## Problem requirements
The data below contains pictures, which are to be skipped; the lines starting at the line with "红***生和田玉（碧玉）未镶嵌珠宝奇石" and ending at the line with "Left rear corner decoration" are to be output exactly, both ends included.

## Recorded data
* * * * * * * * *

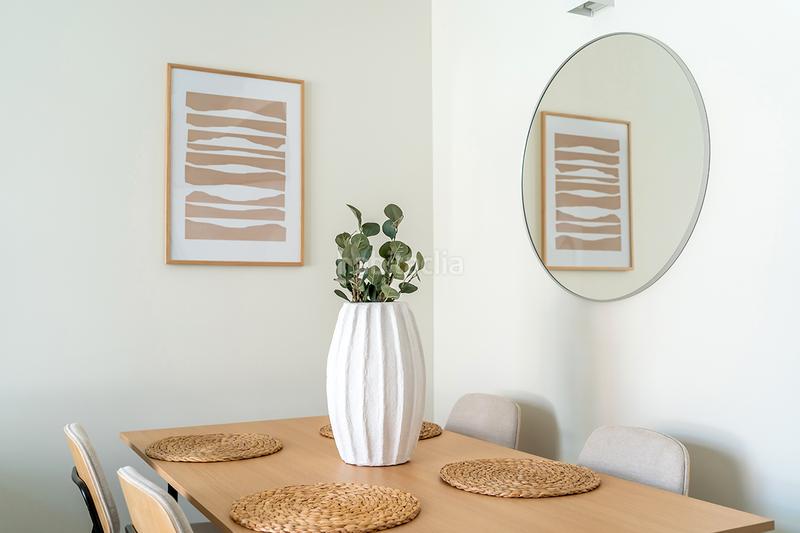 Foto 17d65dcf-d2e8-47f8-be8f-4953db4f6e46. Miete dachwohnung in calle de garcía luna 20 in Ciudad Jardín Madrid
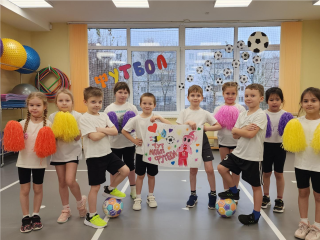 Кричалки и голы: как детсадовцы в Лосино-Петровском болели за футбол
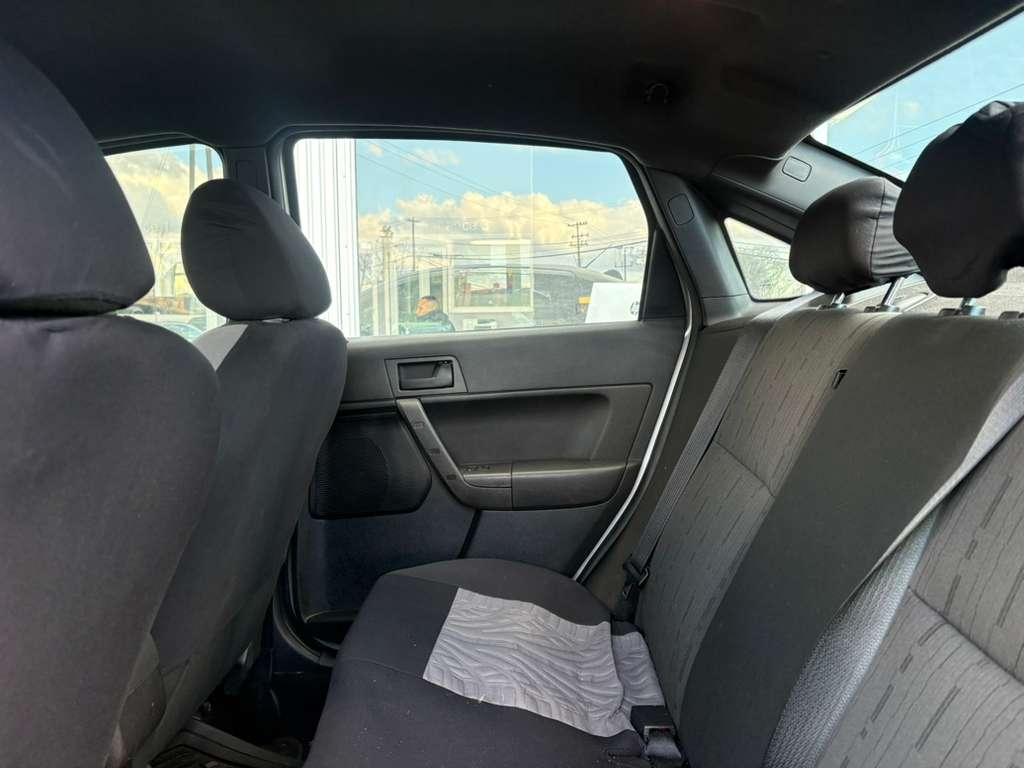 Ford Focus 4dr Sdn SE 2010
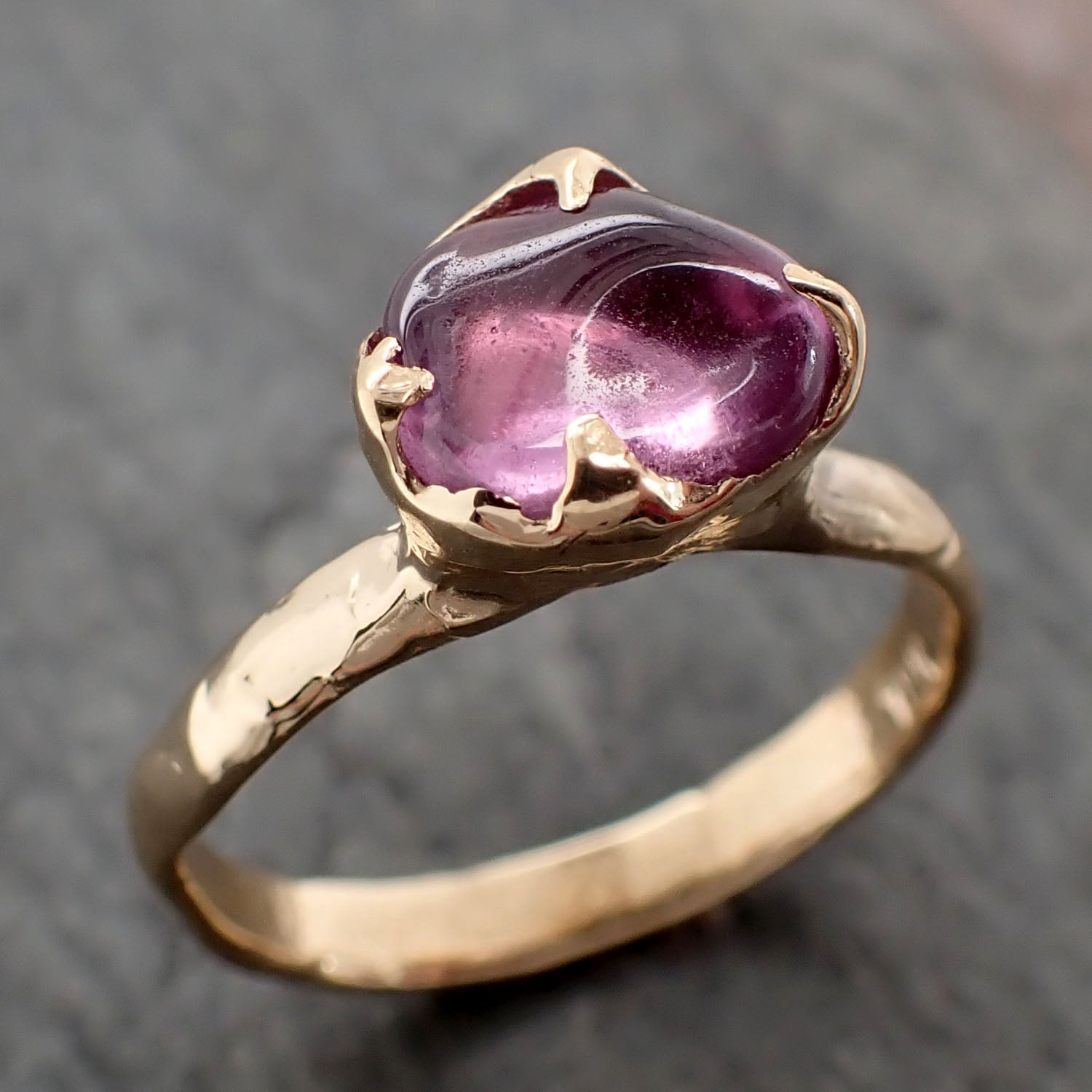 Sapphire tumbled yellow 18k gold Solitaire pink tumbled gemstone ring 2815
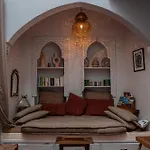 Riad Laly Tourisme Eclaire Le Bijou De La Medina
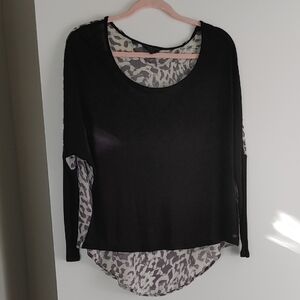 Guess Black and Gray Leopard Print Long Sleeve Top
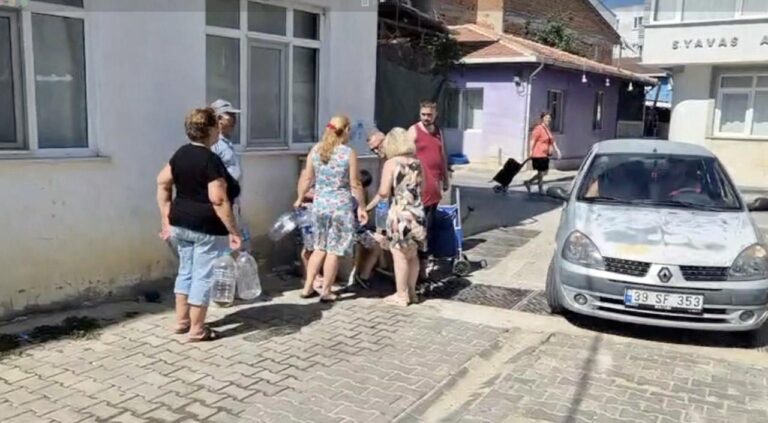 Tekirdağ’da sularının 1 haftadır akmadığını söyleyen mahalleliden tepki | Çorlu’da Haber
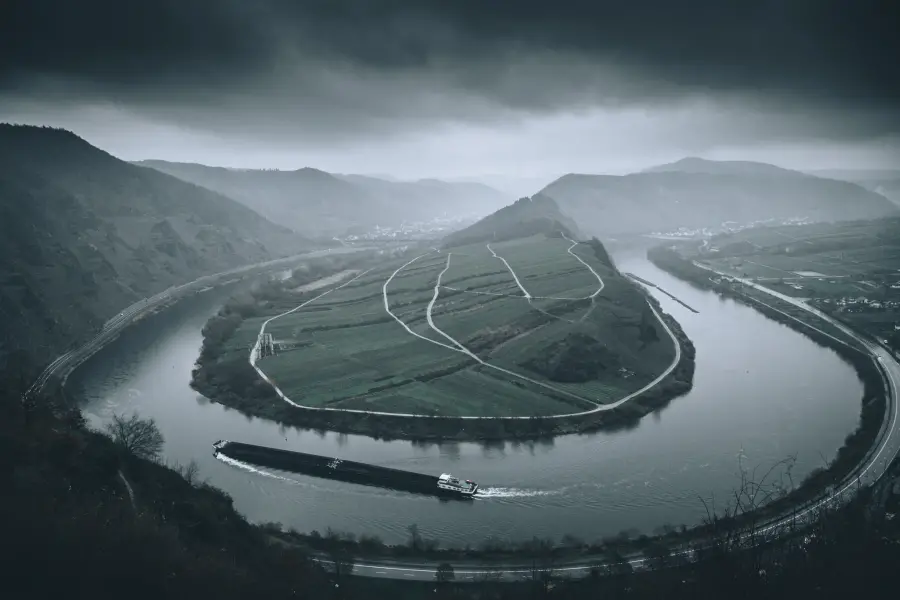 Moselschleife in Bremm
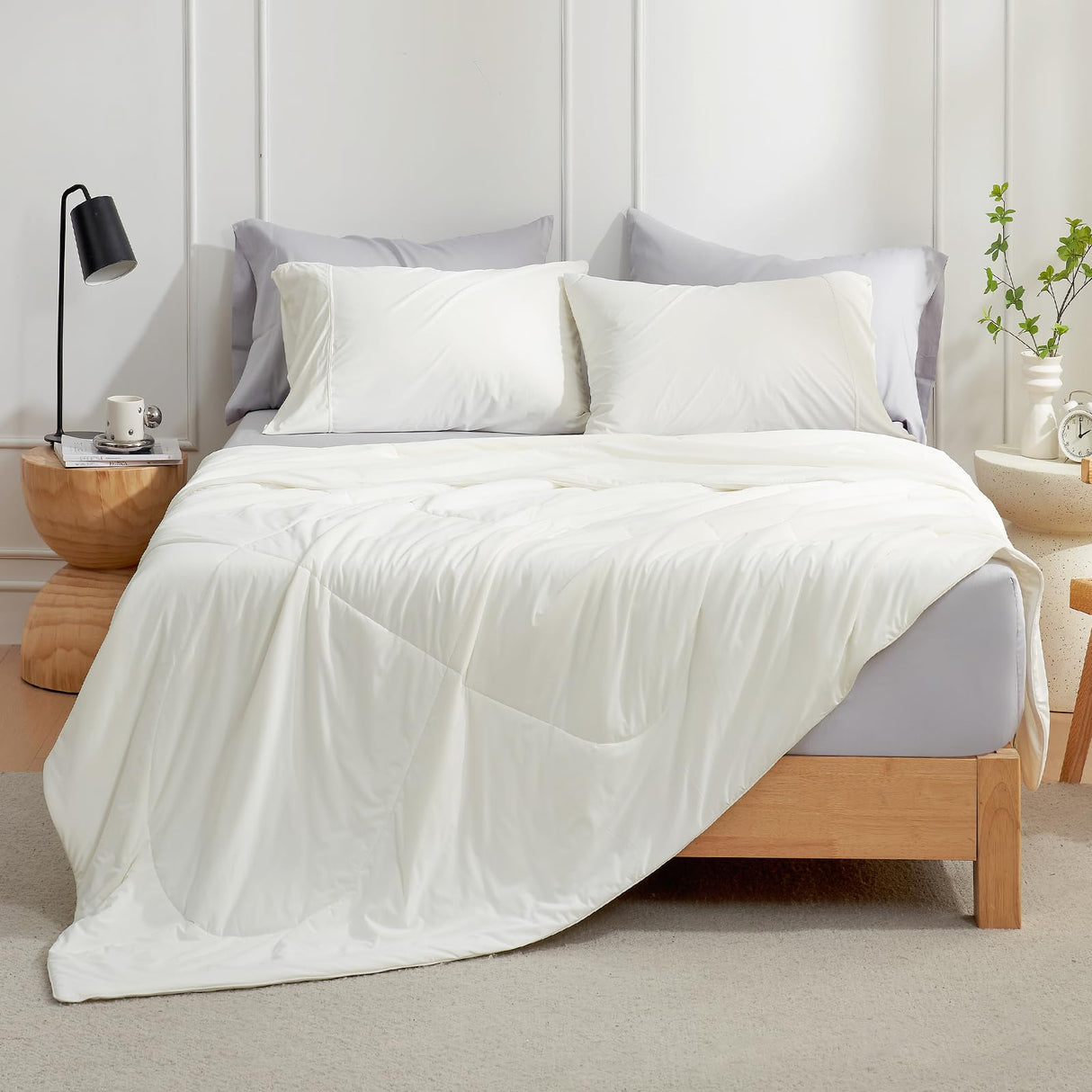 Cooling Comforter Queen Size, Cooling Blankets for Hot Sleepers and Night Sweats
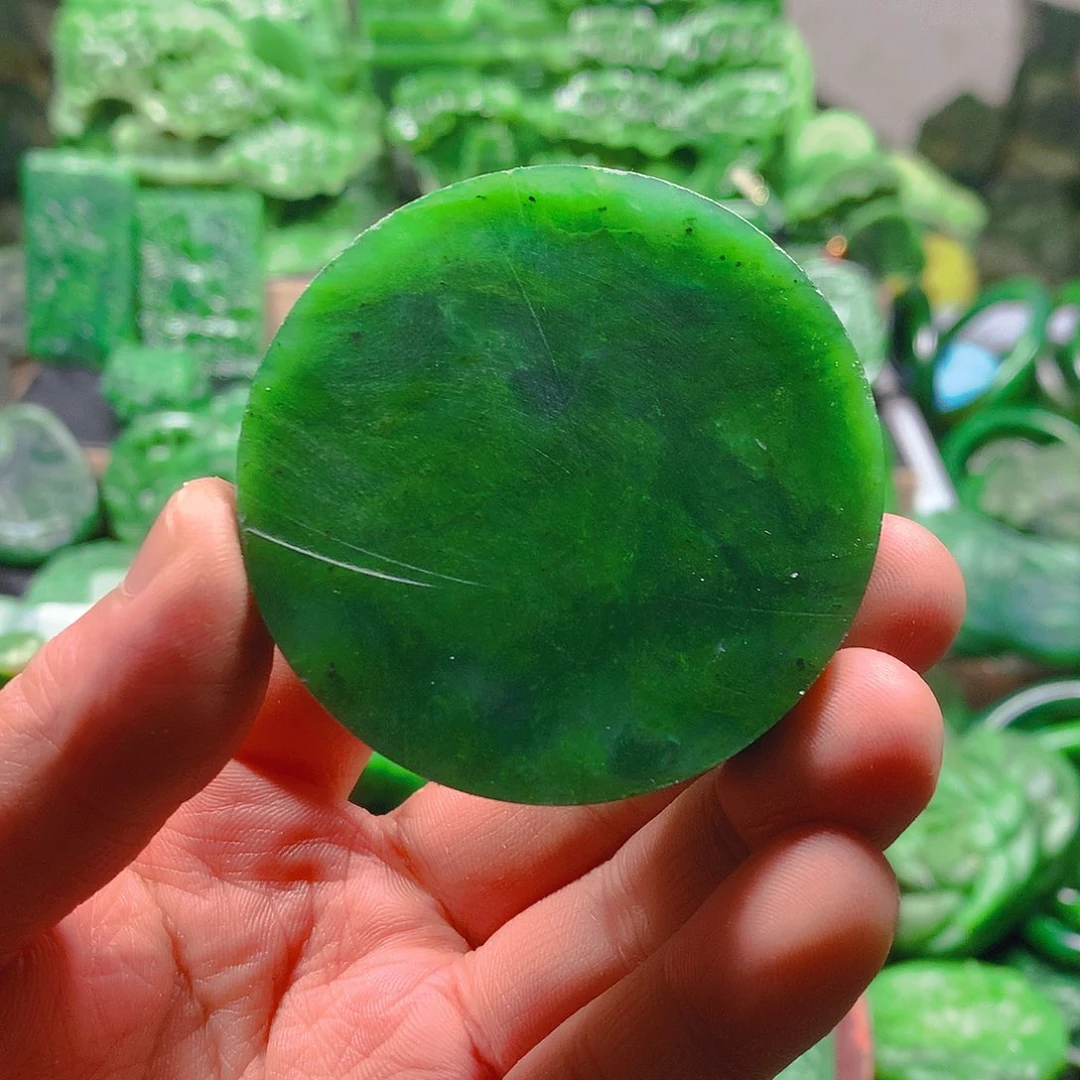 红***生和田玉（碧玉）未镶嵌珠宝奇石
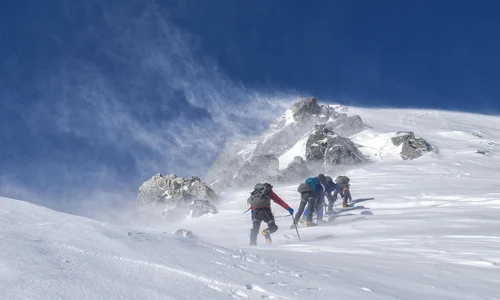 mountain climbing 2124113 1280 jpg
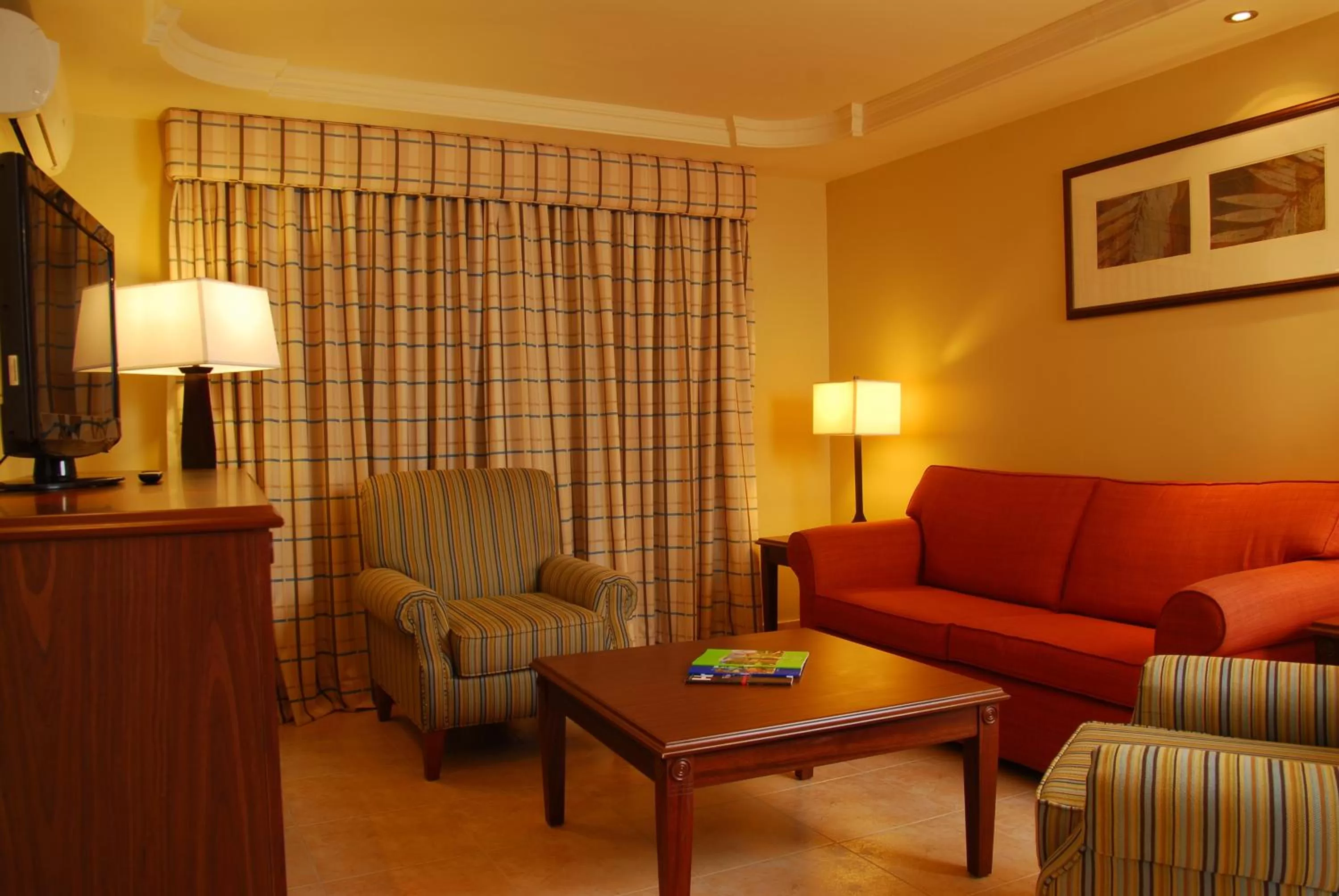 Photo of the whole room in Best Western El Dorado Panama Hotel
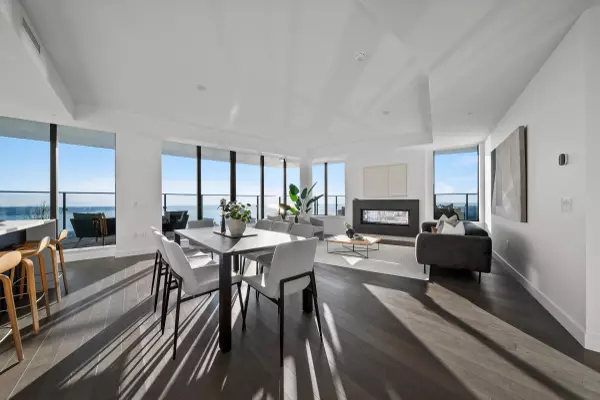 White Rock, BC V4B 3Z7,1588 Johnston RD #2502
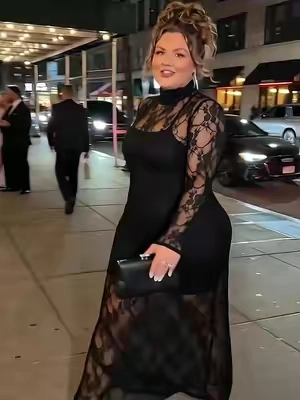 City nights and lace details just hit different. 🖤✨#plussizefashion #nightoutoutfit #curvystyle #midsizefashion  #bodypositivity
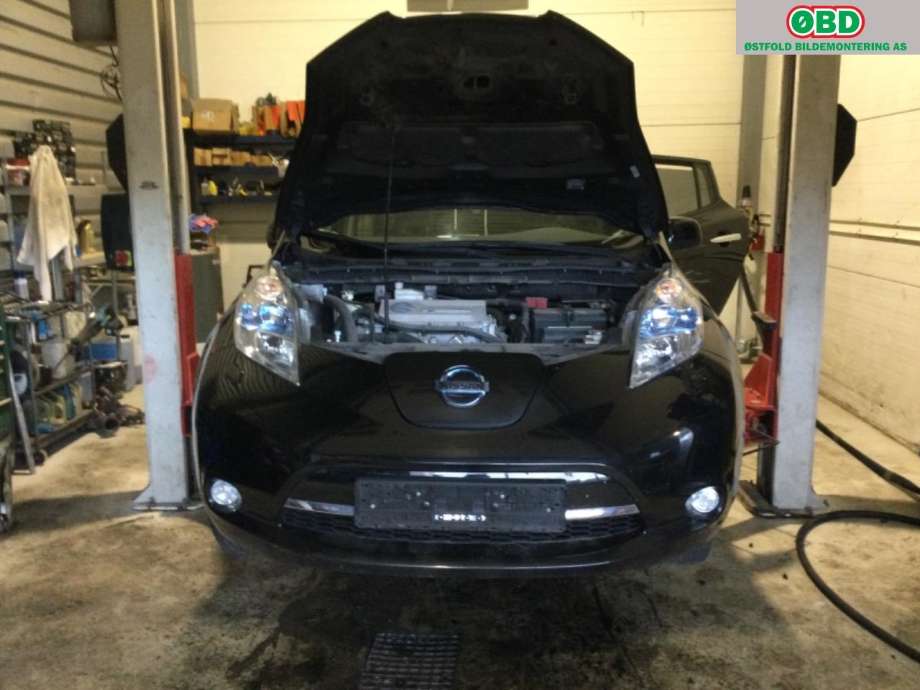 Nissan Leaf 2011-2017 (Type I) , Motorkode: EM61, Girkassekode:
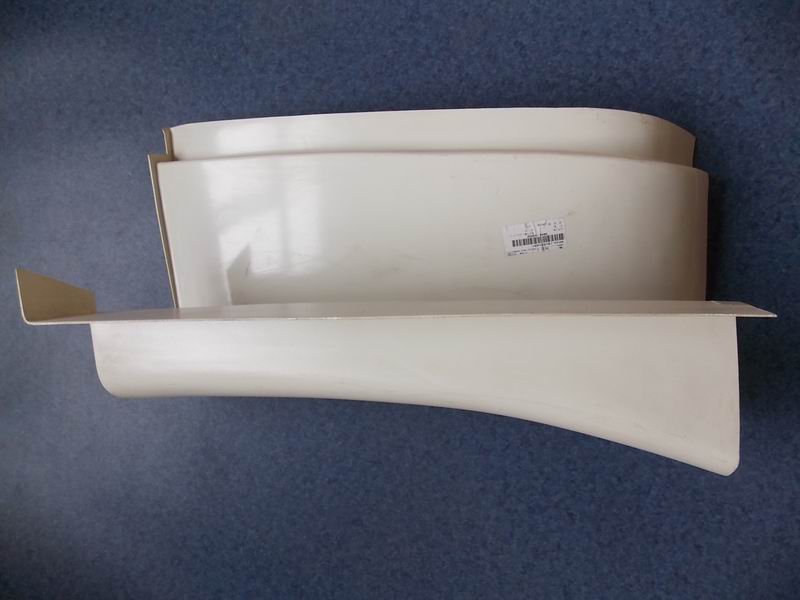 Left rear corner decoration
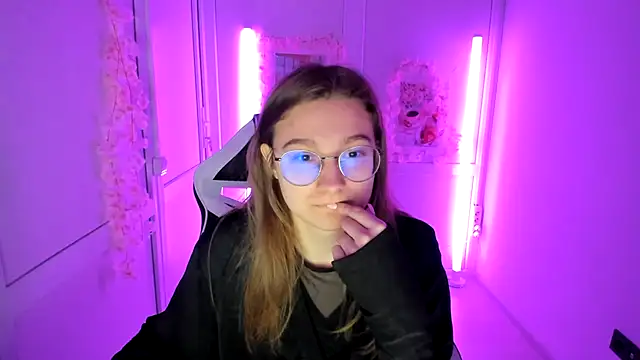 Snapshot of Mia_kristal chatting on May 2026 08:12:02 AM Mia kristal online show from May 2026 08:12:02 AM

* * * * * * * * *

## Solution
 红***生和田玉（碧玉）未镶嵌珠宝奇石
 mountain climbing 2124113 1280 jpg
 Photo of the whole room in Best Western El Dorado Panama Hotel
 White Rock, BC V4B 3Z7,1588 Johnston RD #2502
 City nights and lace details just hit different. 🖤✨#plussizefashion #nightoutoutfit #curvystyle #midsizefashion  #bodypositivity
 Nissan Leaf 2011-2017 (Type I) , Motorkode: EM61, Girkassekode:
 Left rear corner decoration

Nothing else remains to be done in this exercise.